Finfluencer melakukan promosi terkait investasi keuangan atau produk asuransi yang tidak memiliki izin dan tidak diawasi seperti layaknya lembaga jasa keuangan berizin.
Editor: Fin Harini
Ilustrasi finfluencer. Shutterstock/dok
JAKARTA – Pekan lalu, Otoritas Jasa Keuangan (OJK) menggelar konferensi dengan lembaga internasional untuk melindungi konsumen dari risiko yang memanfaatkan pengaruh financial influencer alias finfluencer.
Lewat konferensi internasional yang diadakan bersama OECD dan Jaringan Internasional Edukasi Keuangan (INFE) terkait pemberdayaan konsumen melalui edukasi keuangan, OJK bisa saling belajar dan berbagi pengalaman terkait isu terkini dalam perlindungan konsumen dalam sektor keuangan, termasuk dengan kehadiran finfluencer.
“Kami berdiskusi dengan regulator di dunia terkait perkembangan saat ini, isu perlindungan konsumen, edukasi dan program literasi keuangan,” kata Kepala Eksekutif Pengawas Perilaku Pelaku Usaha Jasa Keuangan, Edukasi dan Perlindungan Konsumen OJK Friderica Widyasari Dewi di Nusa Dua, Kabupaten Badung, Bali, Jumat (11/8), dikutip dari Antara.
Ia menjelaskan, finfluencer adalah tokoh yang memiliki pengaruh dengan jumlah pengikut yang cukup banyak di media sosial, yang melakukan promosi terkait investasi keuangan atau produk asuransi yang tidak memiliki izin dan tidak diawasi seperti layaknya lembaga jasa keuangan berizin.
“Regulator keuangan dunia juga memiliki masalah yang sama.
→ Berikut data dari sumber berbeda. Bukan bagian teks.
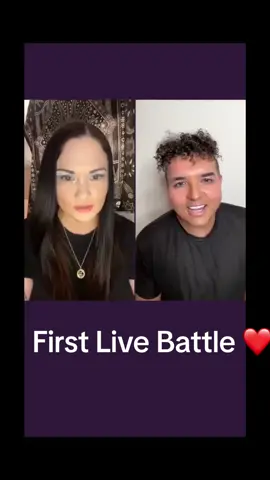 Thank you to everyone that supported during my our first #livebattle. I appreciate you all. #fyp #fypシ 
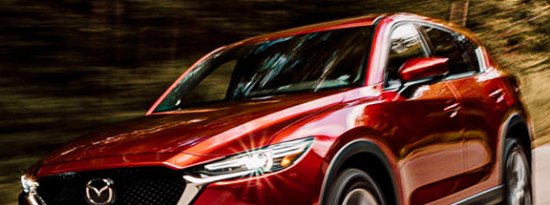 这就是新马自达CX50的样子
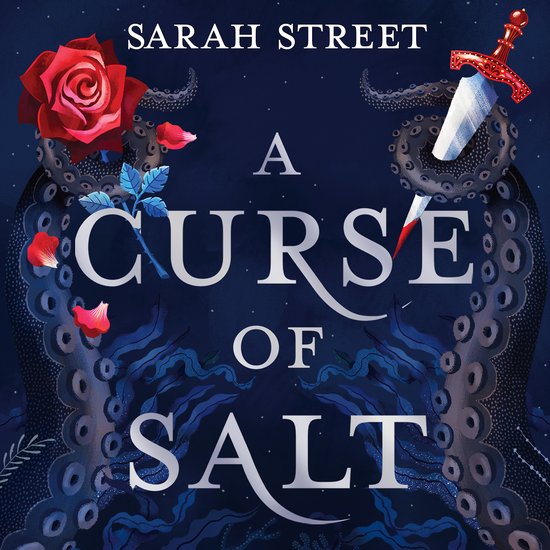 A Curse of Salt - cover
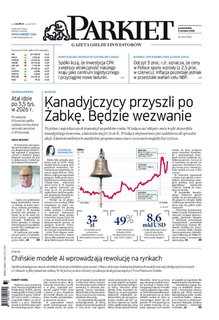 e-prasa: Parkiet &ndash; 146/2026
Orang terkenal memiliki pengikut banyak, tiba-tiba berbicara soal saham, produk asuransi, kemudian orang mengikuti dia dan ternyata nol. Ini sekarang kami pelajari,” katanya.
Kehadiran finfluencer semakin marak seiring perkembangan media sosial. Jumlah orang yang mengikuti pun semakin banyak. Salah satunya, regulator keuangan Inggris, Financial Conduct Authority (FCA) menemukan semakin banyak orang yang mengandalkan finfluencer untuk membantu mengelola kekayaan mereka.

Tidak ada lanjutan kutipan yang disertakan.